Another goal of our project was to investigate the solid-state properties of V(III)/carboxylate clusters. Of special interest are the magnetic properties, since V(III) clusters can exhibit spin frustration and/or single molecule magnetic properties. In our first year efforts were hampered by the fact that in aqueous solution the clusters co-crystallize with other species; that is, pure materials can not be obtained. In our 2nd year we therefore focused on organic solvents. Procedures to crystallize trimeric V(III)/CH3OO(H) complexes are reported by Cotton et al. by reacting VCl3(THF)3 with either neat acidic acid or sodium acetate in CH2Cl2. However, our attempts using their methodology have been unsuccessful so far. 1H NMR measurements of the product solutions showed a surprising number of resonances at chemical shifts less than 10 ppm, indicating that multiple species are spontaneously forming in CH2Cl2. We have therefore recently initiated experiments using coordinating solvents such as THF, to prevent extensive polymerization and promote dissociation of the remaining chloride ligands of the VCl3(THF)3 reactant.
We have also explored the chemistry between other carboxylates and V(III) in aqueous solution using a variety of V(III) reactants. This has led to some surprises. For example, upon reacting V2(SO4)3 with thiodiacetic acid in the presence of NaCO3 (to deprotonate the ligand) and BaCO3 (to assist in the removal of sulfate as BaSO4), an eight-coordinate Ba2+ complex of S(CH3COO)2 was instead crystallized! Thiodiacetate provides 5 donor atoms for Ba2+. Structurally characterized Ba2+ complexes are rare. The aqueous solution chemistry of Ba2+ is also of interest, given that mining and dumping of industrial waste is a serious health concern in the US, due to leakage of Ba2+ into water supplies. Crystals of the same complex could also be obtained simply by reacting BaCl2 with thiodiacetate.
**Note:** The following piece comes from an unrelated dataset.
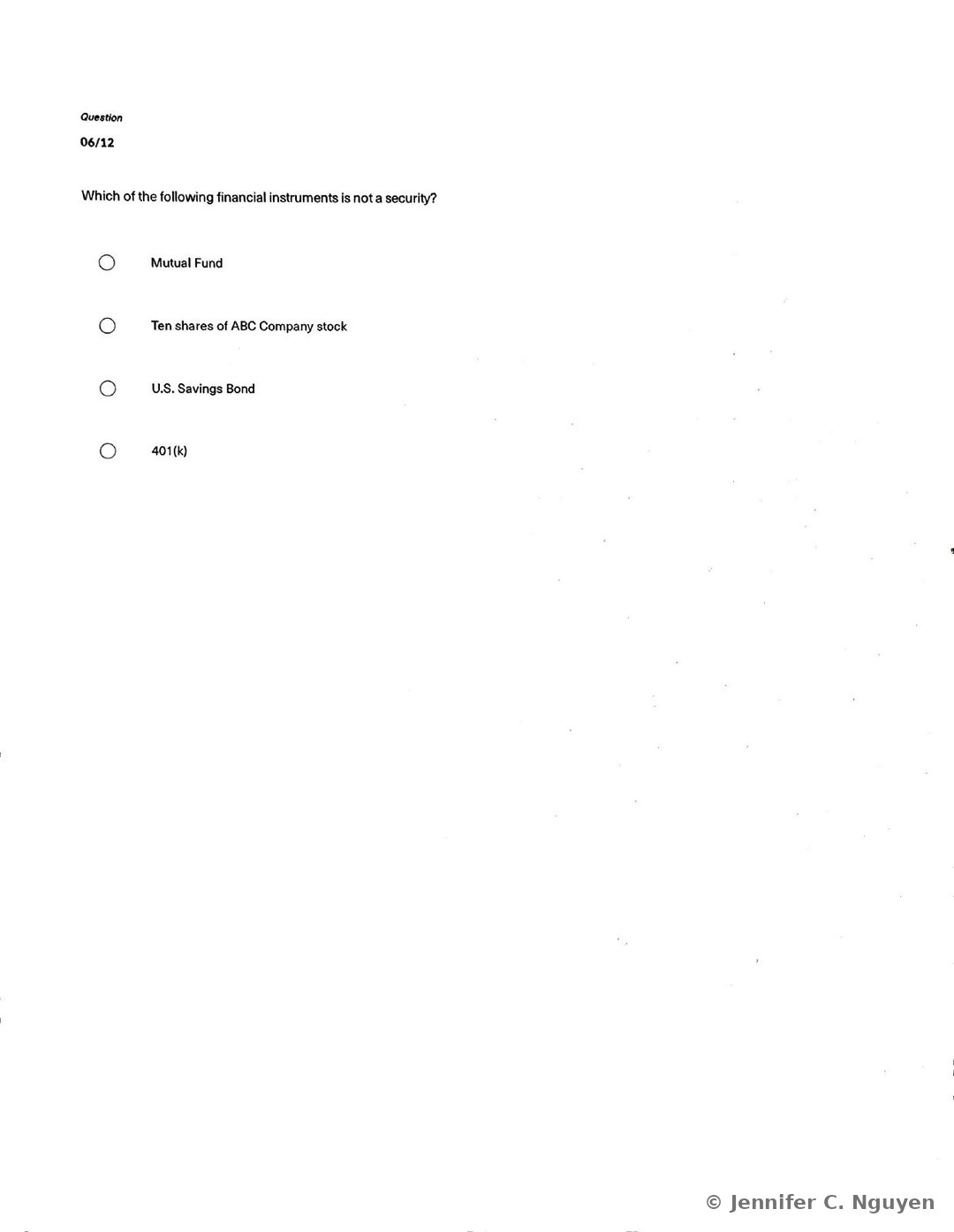 Quiz question 06 of 12 asking which of the following financial instruments is not a security, with four radio-button answer choices: Mutual Fund, Ten shares of ABC Company stock, U.S. Savings Bond, and 401(k)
The graduate student, Riya Mukherjee, supported by this grant, has recently completed her PhD coursework requirements. The requested one year time extension will allow her to work further on this project, including obtaining V(III)/carboxylate complexes suitable for magnetic susceptibility measurements and speciation studies for these systems.
Budget Statement: From September 2006-August 2007 this grant was used for chemicals and supplies and to support Riya Mukherjee on a RA position from Spring 2007 onwards. The remaining grant money will be used for the same purposes.